Supplied data Start Marker

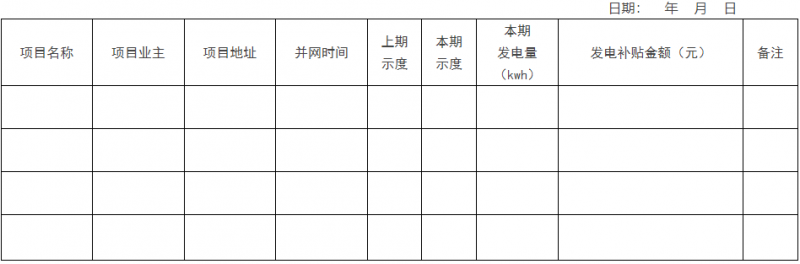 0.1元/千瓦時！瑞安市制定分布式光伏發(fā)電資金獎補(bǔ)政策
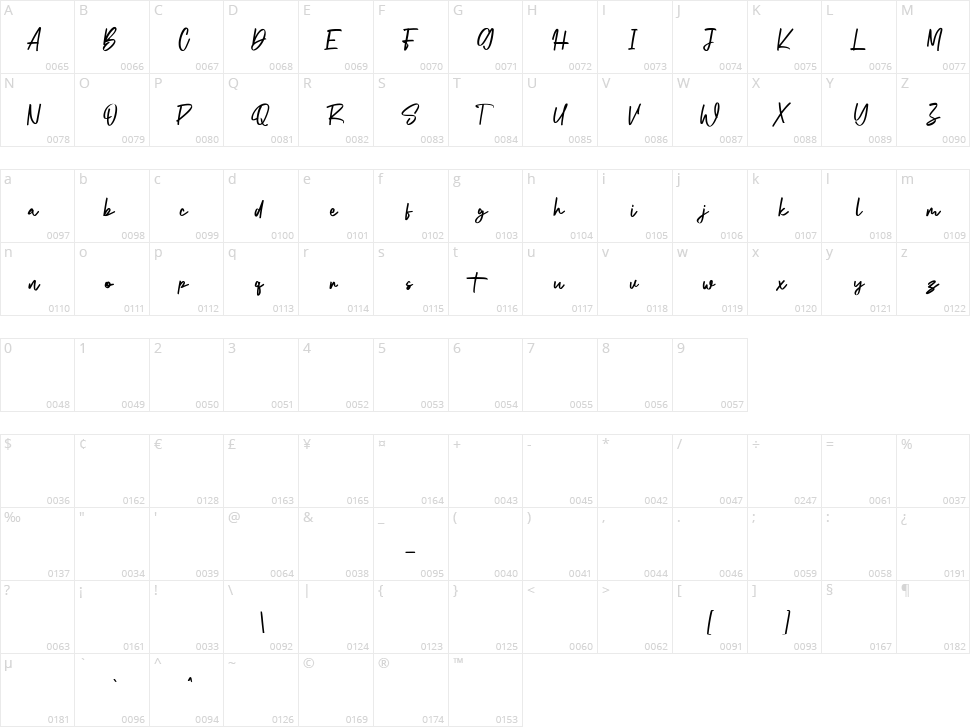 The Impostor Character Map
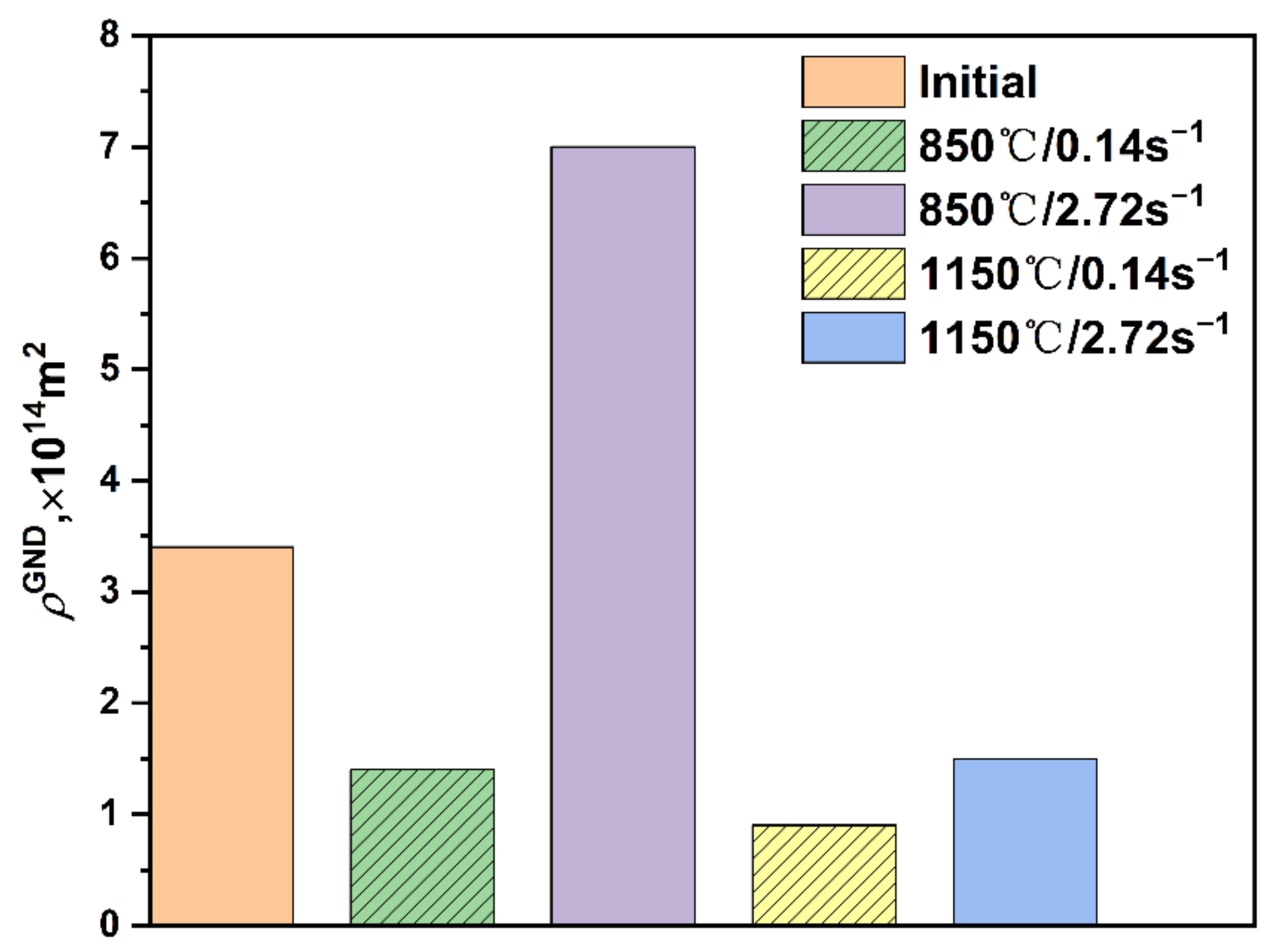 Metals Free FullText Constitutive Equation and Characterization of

Supplied data End Marker
Supplied data Start Marker

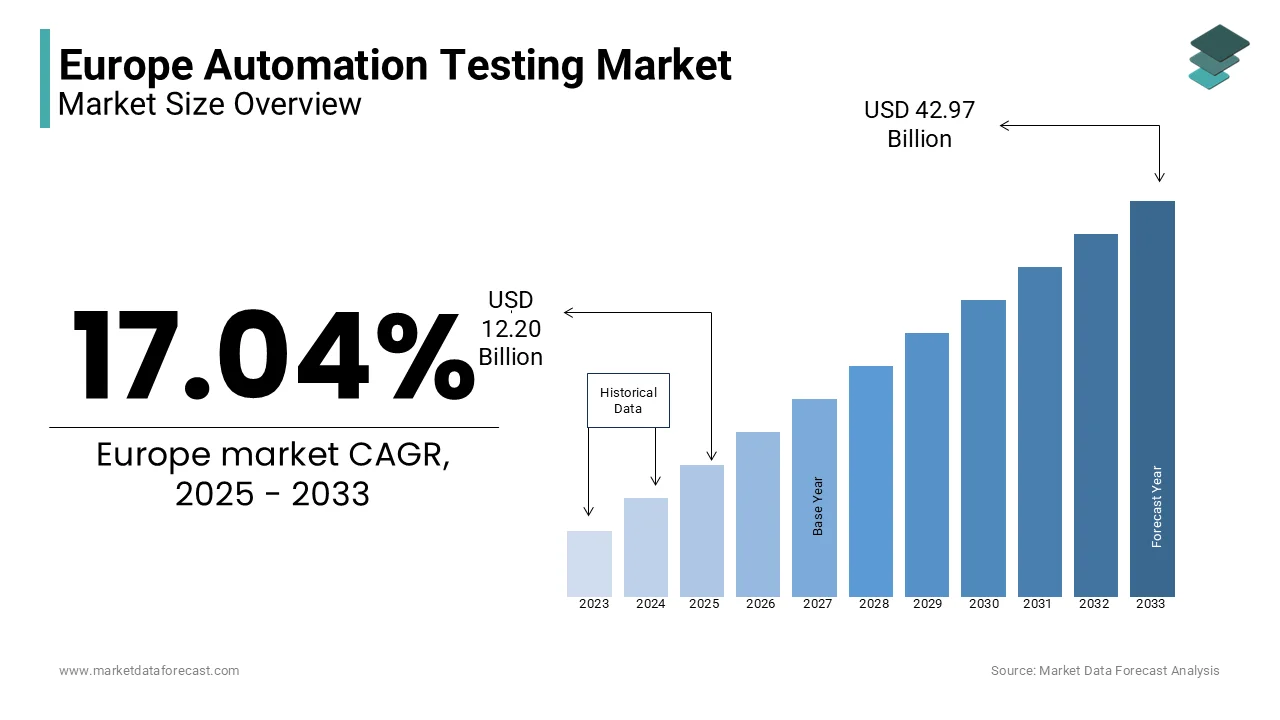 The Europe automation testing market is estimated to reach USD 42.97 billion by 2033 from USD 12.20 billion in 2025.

Supplied data End Marker

Lines wanted from the entries above: the one with "The Impostor Character Map", the one with "Metals Free FullText", and all lines between. Please copy them exactly, without the pictures and without anything else.

## Result of the exercise
 The Impostor Character Map
 Metals Free FullText Constitutive Equation and Characterization of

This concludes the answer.